Burkina Faso detains four officers after foiled coup attempt
The military prosecutor says the four are suspected of involvement in a "conspiracy against state security," while two others remain "on the run."
Burkina Faso said on Thursday that four officers had been detained a day after the military government announced it had thwarted a coup attempt.
The four are suspected of involvement in a "conspiracy against state security," military prosecutor Ahmed Ferdinand Sountoura said in a statement seen by AFP on Thursday.
Two others are "on the run," according to the statement.
The identities of the officers were not revealed, but security sources told AFP that at least two commanders of special units were among the four arrested.
The junta said late on Wednesday that the intelligence and security services had foiled a coup attempt the previous day.
The military government said it would seek to shed "all possible light on this plot."
It comes nearly a year since junta leader Captain Ibrahim Traore seized power in the West African nation on September 30, 2022.
His takeover was the country's second coup in eight months -- both triggered in part by discontent at failures to stem a raging terrorist insurgency.
The military prosecutor has urged anyone with information that can "contribute to the manifestation of the truth to come to testify."

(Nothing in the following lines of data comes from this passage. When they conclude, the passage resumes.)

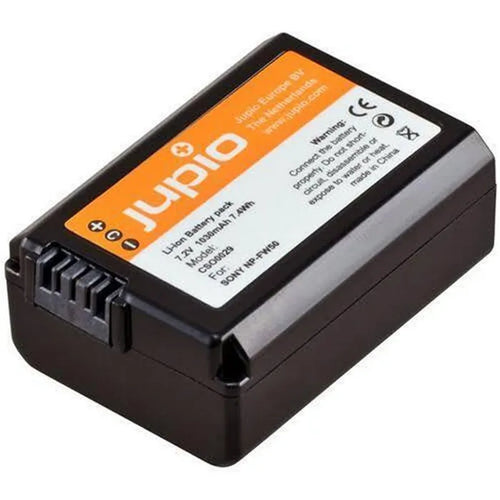 CSO0029 - JUPIO CAMERA BATTERY SONY NP-FW50 WITH INFOCHIP 7.2V 1030MAH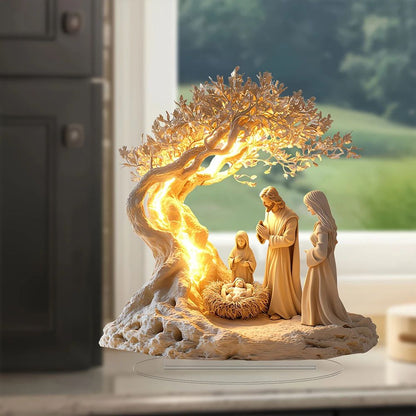 Family Tree of Life Acrylic Keepsake – Personalized family tree decor Newborn Memory Display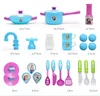 [Disney] Lights and sound Frozen Simulated kitchen set play kitchen food play house set kids cooking toys for girl birthday gift 3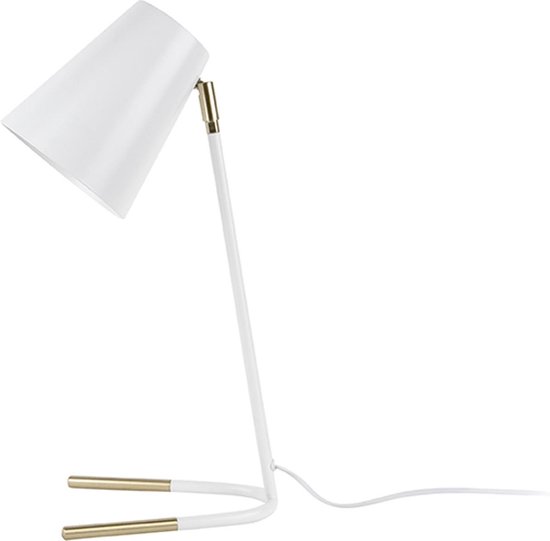 Leitmotiv - Noble - Tafellamp - IJzer - 25x46x15,5cm - Wit
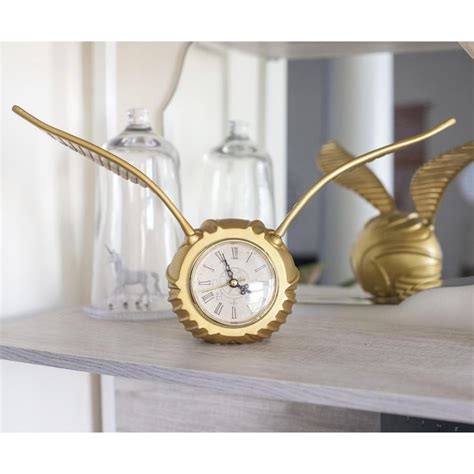 Ukonic Harry Potter Golden Snitch Replica Resin Desk Clock 9 X 18 Inches Harry Potter Golden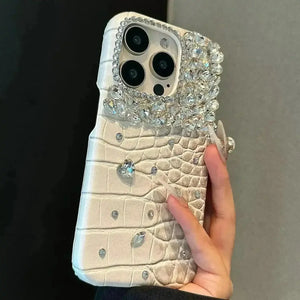 Handmade Rhinestone Phone Case (For iPhones) - Bear Hugs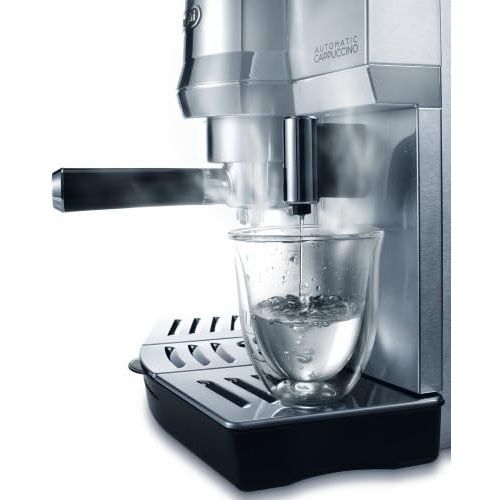 드롱기 De’Longhi DeLonghi EC 850.M Espresso Machine / Porta-Filter / IFD Milk Foam System / 15 Bar / Metal, Silver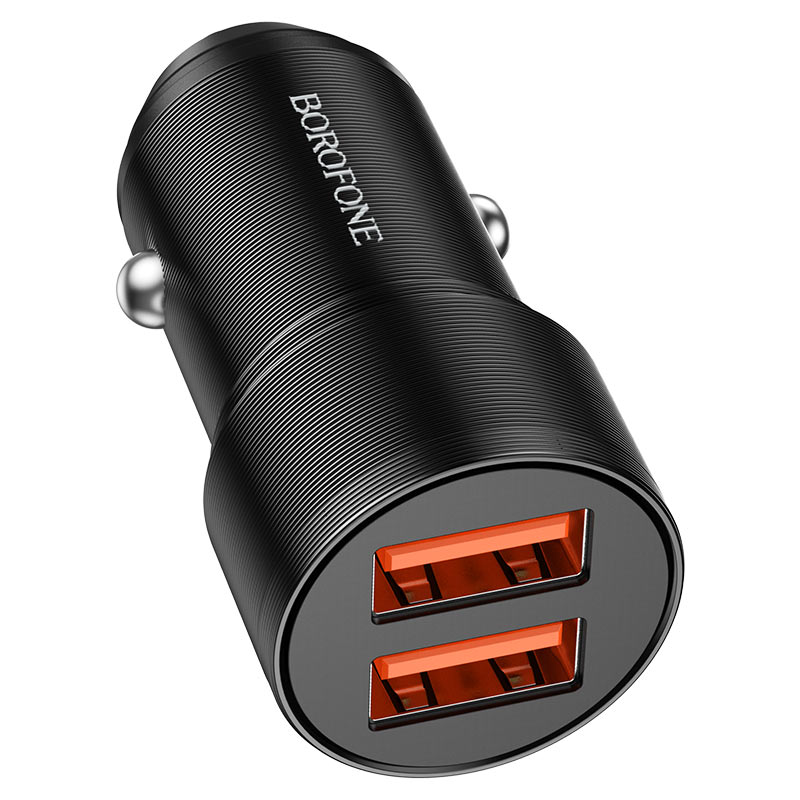 ЗУ в прикуриватель BOROFONE BZ19 чёрный (2*USB, 5B, 2400mA)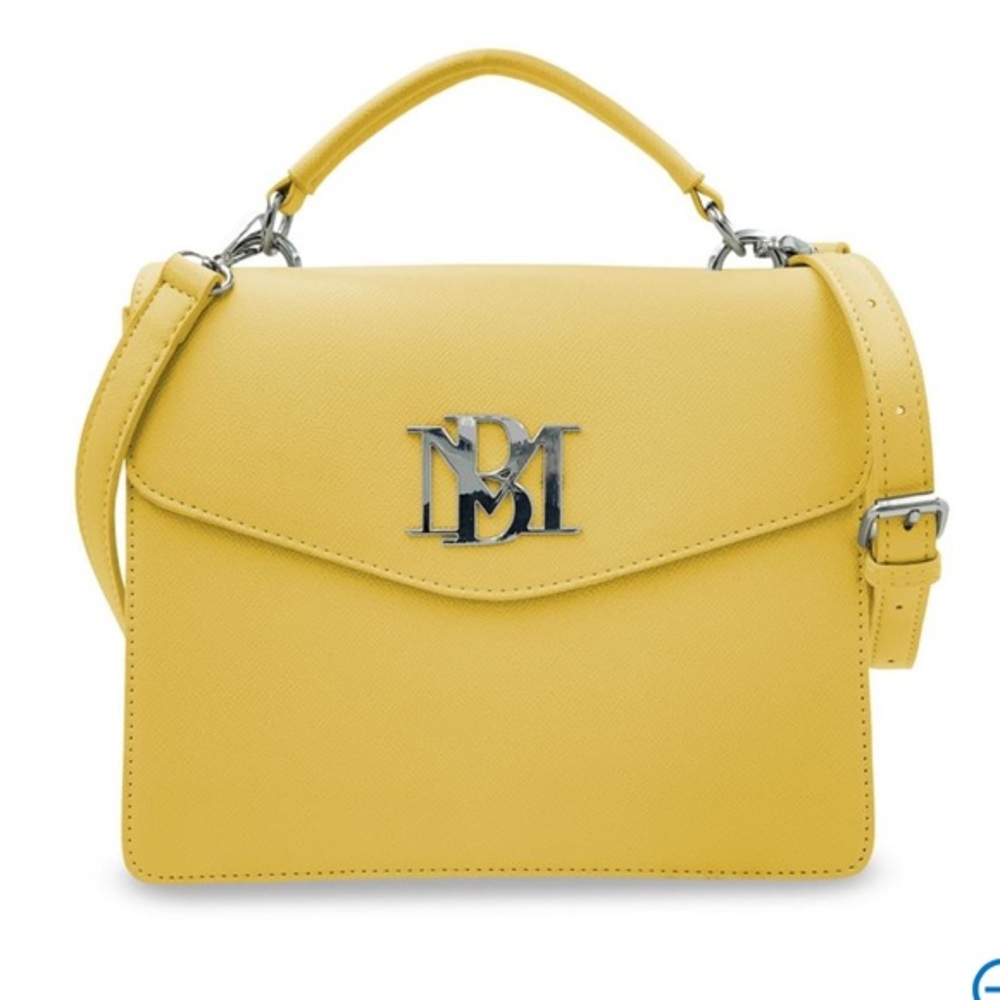 NEW! BADGLEY MISCHKA Crossbody Bag in Yellow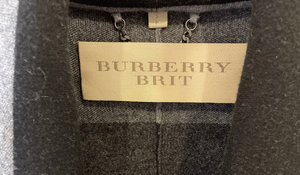 Burberry Used Burberry Brit Poncho Black/Grey - test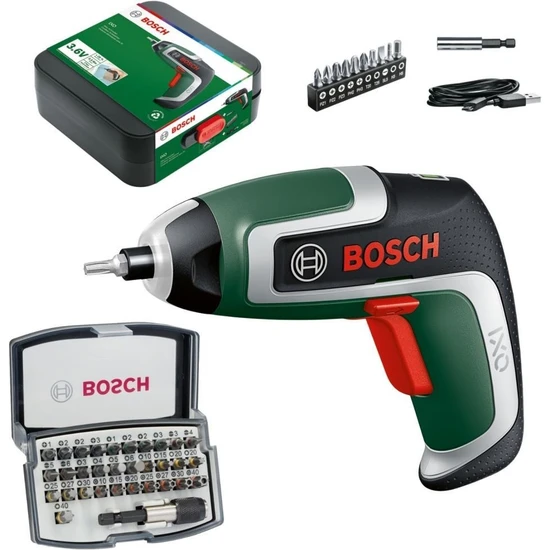 Bosch Ixo 7 Akülü Vidalama + 32 Parça Extra Hard Bits Seti 06039E0000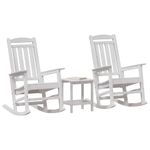 Casa si Gradina - Gradina si terasa - Mobilier exterior - Scaune si sezlonguri gradina - Set lounge 3 piese gradina  Alb HDPE - Infinity.ro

Late on Tuesday, thousands of people took to the streets of the capital Ouagadougou following a call from Traore supporters to defend him amid rumors of a coup on social media.

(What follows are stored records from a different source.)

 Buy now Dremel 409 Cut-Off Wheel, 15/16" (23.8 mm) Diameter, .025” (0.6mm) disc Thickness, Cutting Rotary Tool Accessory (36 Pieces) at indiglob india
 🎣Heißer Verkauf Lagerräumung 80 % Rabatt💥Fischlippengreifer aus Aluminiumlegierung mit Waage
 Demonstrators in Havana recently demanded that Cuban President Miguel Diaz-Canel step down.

Traore took to X on Wednesday to stress his "determination to lead the transition safely despite the adversity and different maneuvers to stop our inexorable march towards assumed sovereignty."
Shortly after Traore's takeover, military prosecutors in December 2022 said there had been an attempt to "destabilize state institutions."

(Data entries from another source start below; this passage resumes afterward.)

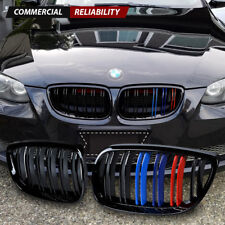 Gloss Black Front Kidney Grill M-color For Bmw E92 E93 M3 328i 335i Coupe 07-10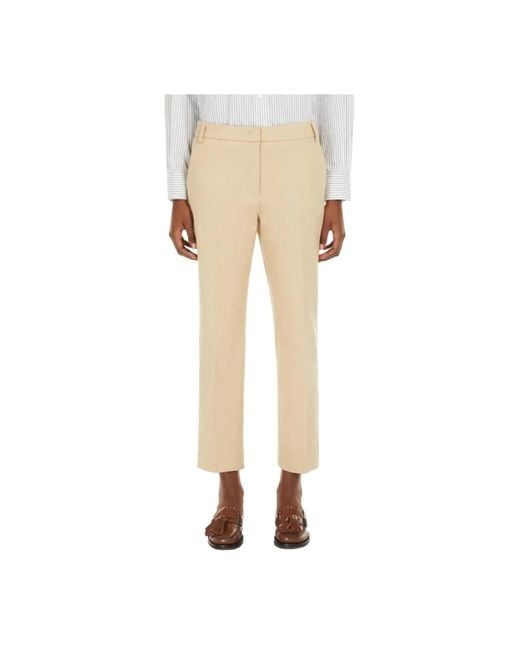 Weekend by Maxmara Natural Cropped Trousers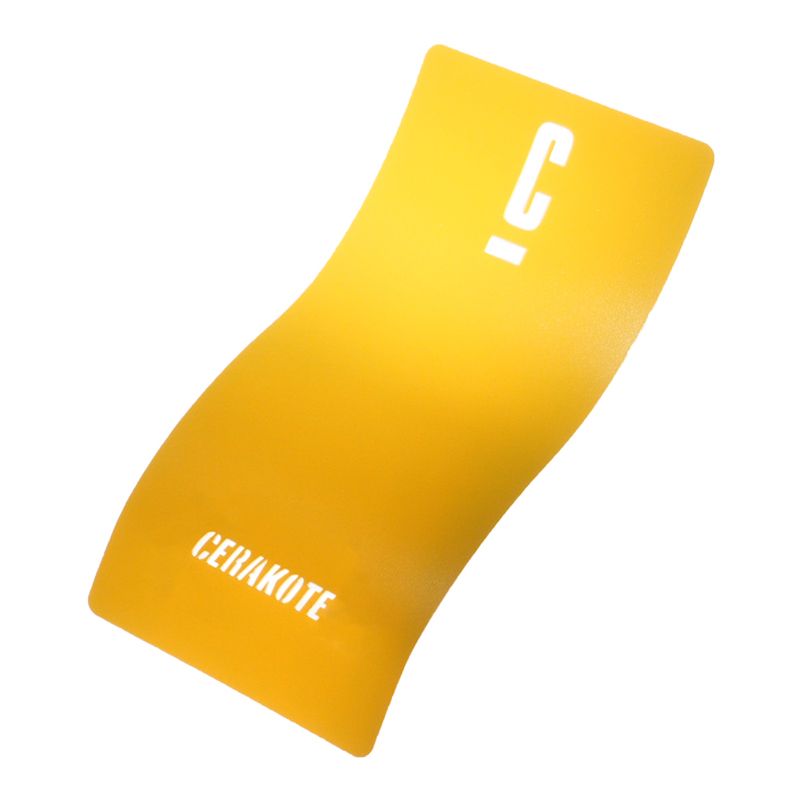 Curved yellow tool with the text 'CERAKOTE' in white, used for application or finishing in coatings.
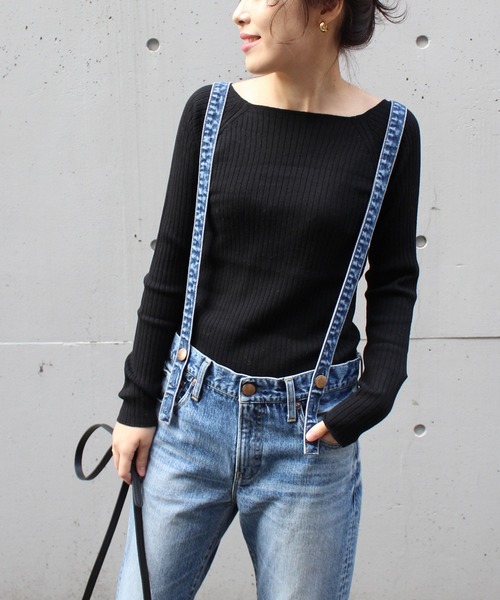 Spick & Span（スピックアンドスパン）の「WASHABLE WOOL RIBプルオーバー◆（ニット/セーター・レディース・ブラック/レッド/アイボリー/マスタード・FREE）」の3枚目の写真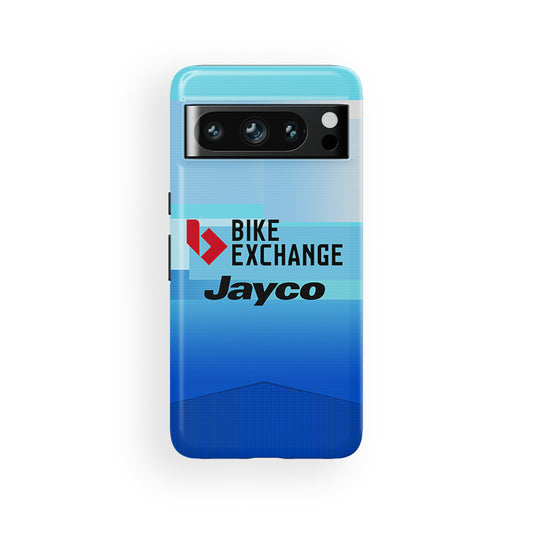 2022 EQUIPO BIKEEXCHANGE-JAYCO Ciclismo Jersey librea Funda para teléfono Google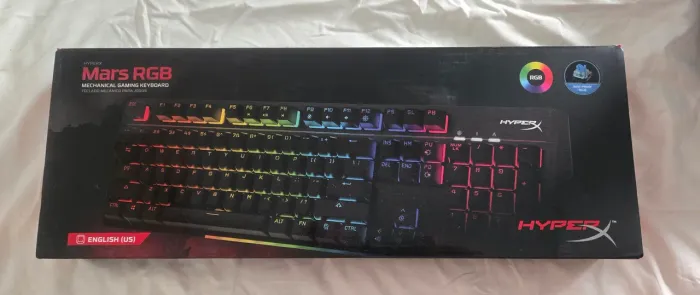 Teclado HyperX Mars RGB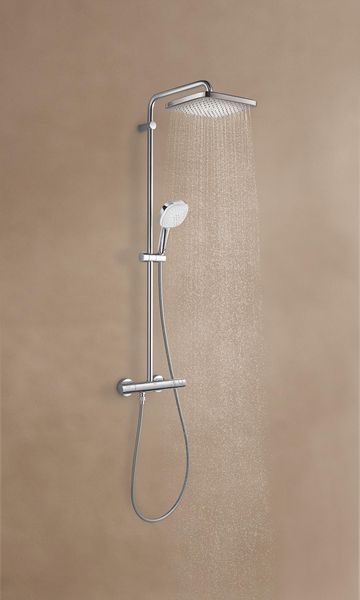 Душевая система с термостатом для настенного монтажа Grohe Tempesta System 250 Cube (26689001) 26689001 фото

Earlier this month, the country's military prosecutor said three soldiers had been arrested and charged with plotting against the ruling junta.
Investigators had received a tipoff about "soldiers and former soldiers working in intelligence" who were scouting out the homes and other locations used by key figures in the junta, including Traore.
Their goal was to "destabilize... the transition," it said, referring to a term used to describe interim military rule before promised elections.
Burkina Faso, an impoverished landlocked country, saw terrorists sweep in from Mali in 2015. More than 17,000 civilians, troops, and police have since died, according to an NGO monitor.
Over two million people have been forced to flee their homes, creating one of Africa's worst crises of internal displacement.
Anger within the armed forces led to a coup on January 24, 2022, toppling elected president Roch Marc Christian Kabore.
On September 30, Kabore's rival, Colonel Paul-Henri Sandaogo Damiba, was himself overthrown by the 34-year-old Traore.
As anti-French sentiment grew, the junta gave in January 2023, the 400 French special forces stationed there a month to leave the country after Paris was accused by the West African country that it had failed its "anti-terrorism" mission.
Traore has promised presidential elections by July 2024.